Unlike stated by the All India Muslim Personal Law Board(AIMPLB) or the Rashtriya Adivasi Ekta Parishad ( a group that claims to represent interests of 11 crore tribals) that implementing UCC will hamper India’s secularism [1,2], UCC will in turn eliminate discrimination on the basis of religion.
What the opponents of UCC fail to understand is that their very argument is fallacious and self-contradictory as secularism means equal treatment of all religions by the state.
In an affidavit filed in court, AIMPLB said, ” … it is the issue of freedom of conscience guaranteed under the Article 25 and 26 read with Article 29 of the constitution” [1]
It seems that they’re disoriented as Article 25 (freedom of conscience and free propagation of religion) and Article 26(freedom to manage religious affairs) are “subject to public order, morality and health. The right to practice religion is disparate from the individual rights relating to inheritance, marriage or divorce.
Through UCC, circumscriptions or barring of practices such as witchcraft, superstition, child marriage, prohibitions against window remarriage, polygamy, polyandry, triple talaq, Maitri Karar in Gujarat, Natha Pratha in Rajasthan’s Bhil community will distemper gender injustice. Women are grossly discriminated in the name of religion. One definitive example is of a legally married wife who filed a bigamy suit under CPC Section 494 in Ahmedabad as her husband had entered a liaison in the name of Maitri Karar (A Gujrati social custom of keeping mistresses by circumventing Hindu Marriage Act)[3].
As far as the Muslims are concerned, I would like to quote a verse of Quran which is sacred law of the Muslims –
” And if ye fear that ye will not deal fairly by the orphans, marry women who seem good to you, two or three or four and if ye fear that ye cannot do justice (to so marry) then one(only) or (the captives) that the right hand possess. Thus, it is more likely that ye will not do.”
It is clear that the Quran only permits, does not enjoin polygamy and that too only in those cases where the man finds it impossible to safeguard the interests of widows and orphans. If the man doesn’t feel confident of treating all the wives equally without discriminating against any of them, he should have only one. Is it possible for a man to give equal love and affection to all four wives ? It is quite impossible.
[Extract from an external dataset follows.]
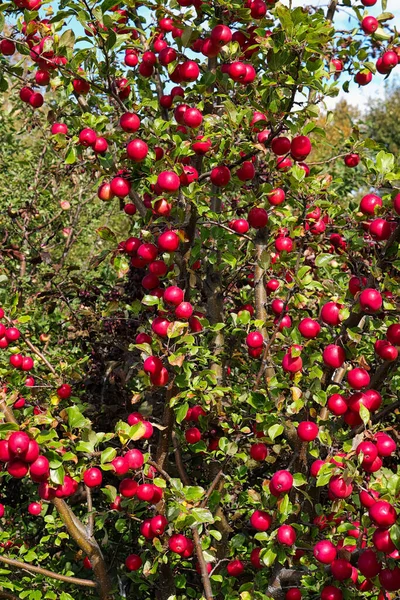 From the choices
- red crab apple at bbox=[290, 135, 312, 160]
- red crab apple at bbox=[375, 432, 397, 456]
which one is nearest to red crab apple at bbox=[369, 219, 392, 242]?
red crab apple at bbox=[290, 135, 312, 160]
Therefore the arbitrary power of the Muslim husband to have more than one wife has been controlled almost in all the Muslim countries[4]. If Turkey, Egypt and Pakistan have reformed Muslim Personal law, why should Indian Muslims fall behind?
And yes, does Rashtriya Adivasi Ekta Parishad(RAEP) look after the interest of tribal men and not women?
Isn’t Dr. Surajmani Stella Kujur vs Durga Charan Hansdah case[5] a classic exposition of male chauvinism in alliance with religious conservatism?
Not to mention Shah Bano case 1978 where the appellant was denied the right to maintainence. Similarly, I see pro-male rules in Section 10(A) of the Christian Divorce Law that makes the separation period of two years mandatory for mutual divorce whereas in other statutes, the requirement of separation is one year. Also the Succession Act 1925 gives Christian mothers no right in property of the deceased kids[6].
The right to equality of the Fundamental Rights of the constitution speaks of equal protection of the laws, regardless of race, class, religion or gender. So, implementation of UCC will entail safeguarding of this basic fundamental right.
Why is it difficult to have a UCC?
Ignorance amongst the mass is the cardinal factor. When the RAEP claimed that the tribals had their own personal laws and do not come in the category of Hindus[2] , it was easily understood that they failed to comprehend what UCC is. UCC is being perceived as the imposition of the Hindu code and procedures, and as result of this erroneous religious ideologue amongst the minorities, a rational debate on its implementation has become an arduous task (It’s mainly due to over-zealous bhakts waving the UCC flag quite mindlessly).
It will do away not only with Muslim Personal Law or Christian Law or any other tribal law but all other laws on the statute books that grant legal sanctity to unique practices (read: mal-practices :P) of the diverse communities of India.
Moreover, despiteful communal politics has led to distortion and misdirection of UCC, thus stalling the process of social reform.
The argument that UCC will lead to the loss of cultural identity among minorities is factitious. As a matter of fact, uniform civil code will focus on rights, leaving the rituals embodied in personal law intact within the bounds of constitutional propriety[7]. Goa’s uniform civil code – derived from the Portugese Civil Procedure code 1937 – is our case in point.

Way ahead
One must understand that the religion involves relationship between an individual and his/her God and that implementation of UCC doesn’t establish a challenge to faith and religious identity, even after modification of customs.
Hence, we should welcome Law Commission’s exercise of seeking public opinion through questionnaire whose aim is to manifest coexistence of reform in UCC and religious freedom.

Yours sincerely,

Just another ‘open-minded’ Indian citizen


1. “Muslim personal law outside SC jurisdiction, asserts board” Dhananjay Mahapatra, TOI ( Mar 24, 2016)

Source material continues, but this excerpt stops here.